La terza sezione punta l’attenzione su “l’internazionalità e la nuova scultura”: i grandi maestri dadaisti vivono e respirano il clima culturale milanese, Duchamp e Man Ray espongono nelle gallerie della città lombarda e, necessariamente, contribuiscono alla ricerca artistica. Una nuova tipologia di scultura diventa protagonista oggettiva: l’installazione di barili colorati di Christo, 28 barrels structure (1968, fig. 7), sullo sfondo grigio riproducente il Duomo milanese,  ne è un esempio emblematico. Affianco, in vetrina, la Venus restaurée di Man Ray (1936/71, fig. 8) di gesso e corda. Sulla parete alcune foto ritraggono Mirò con un filo, è la sua firma, e forse ispireranno Fontana quando sperimenterà l’uso del neon.

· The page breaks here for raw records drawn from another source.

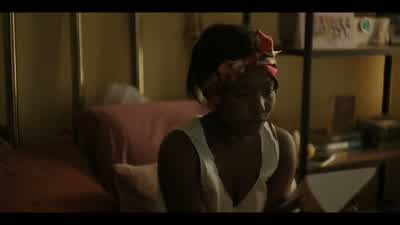 Is there anything I can do? - The Chi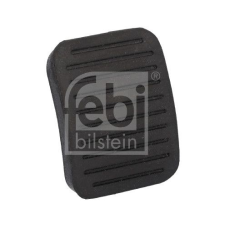 FEBI BILSTEIN pedálgumi, fékpedál FEBI BILSTEIN 188586 autóalkatrész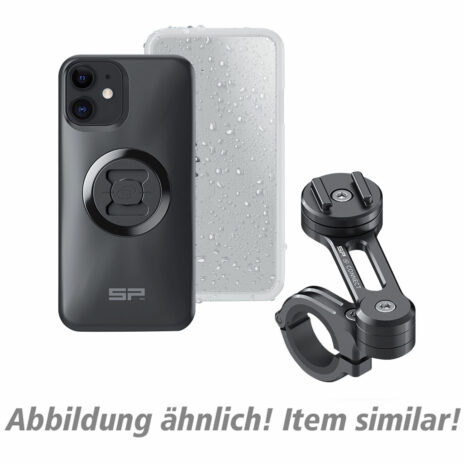 SP Connect Moto Bundle SPC Handyhalterung für Samsung S21 Ultra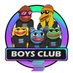 Boysclub on Solana (@boysclubsol1) Twitter profile photo Boysclub on Solana (@boysclubsol1) Twitter profile photo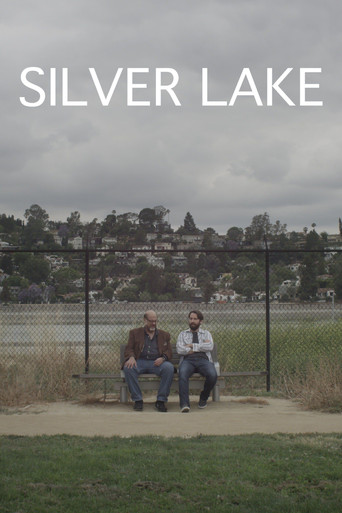 Silver Lake Poster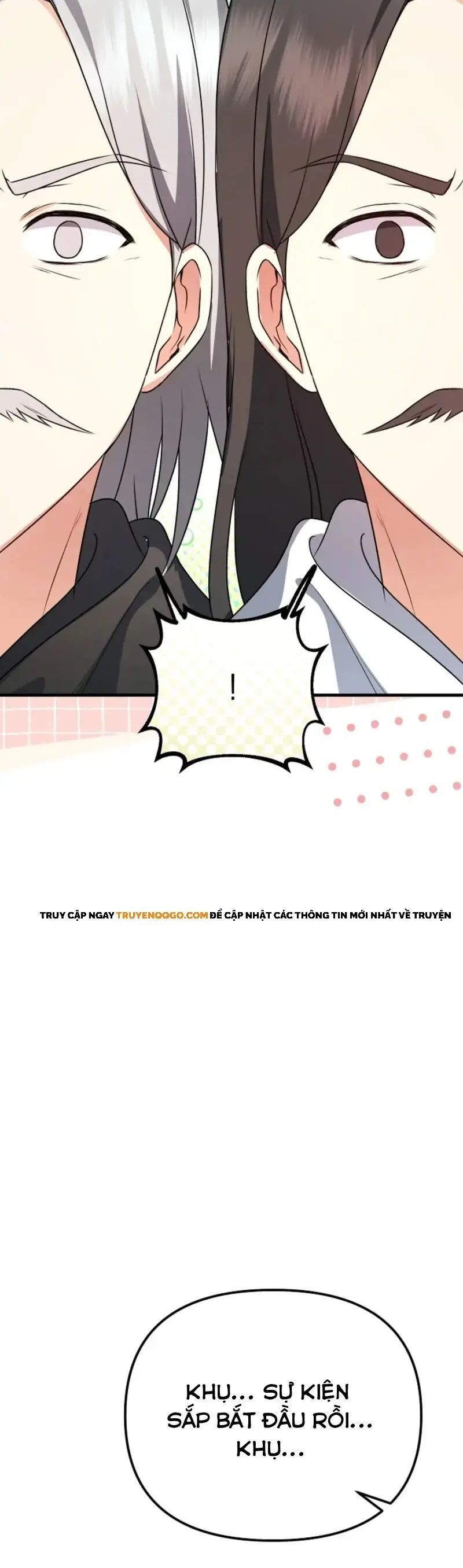 Trở Thành Liều Thuốc Chữa Lành Cho Bạo Quân Trong Câu Chuyện Tăm Tối Chapter 20 - 31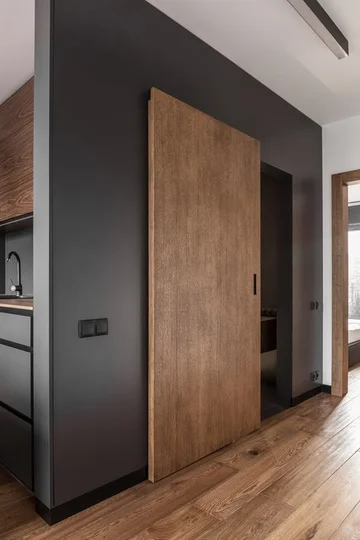 Puertas Modelo GM-183 - Foto 1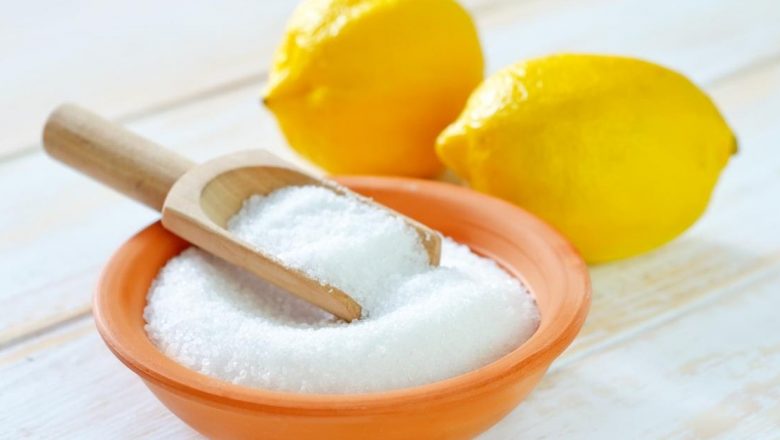 Utilizarea Acidului Citric în Curățenia Casei: Beneficii și Metode Eficiente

Lo sviluppo scientifico e tecnologico cammina di pari passo con la ricerca artistica, e i maestri si fanno promotori di proposte oggettuali interattive, capaci di coinvolgere lo spettatore: è il caso della Macchina inutile di Bruno Munari (1951), il teorizzatore del “vietato non toccare”, o il quadro di Giovanni Anceschi, Tavola di possibilità liquide.

La quarta e ultima parte della mostra si concentra sulle potenzialità dei “Materiali, segni e figure”; esiste un filone di sperimentazioni e ricerche che si è concentrato sulle relazioni tra parole, segni ed immagini, un cenacolo di artisti, cioè, ha voluto mettere in discussione alcune basi della comunicazione visiva, introducendo materiali ed elementi eterodossi. È il caso, per esempio, dei collage, Generale (1961, fig. 9) e Dame, su stoffa di Baj, o dell’Italia in pelliccia di Luciano Fabbro (1969, fig. 10), ma seguendo un altro indirizzo citiamo l’immagine verbo-visuale della Volkswagen di Emilio Isgrò (1964, fig. 11), e come non segnalare la modernissima, che è anche l’emblema della mostra, figurazione de La camera afona di Emilio Tadini 81969, fig. 112) ?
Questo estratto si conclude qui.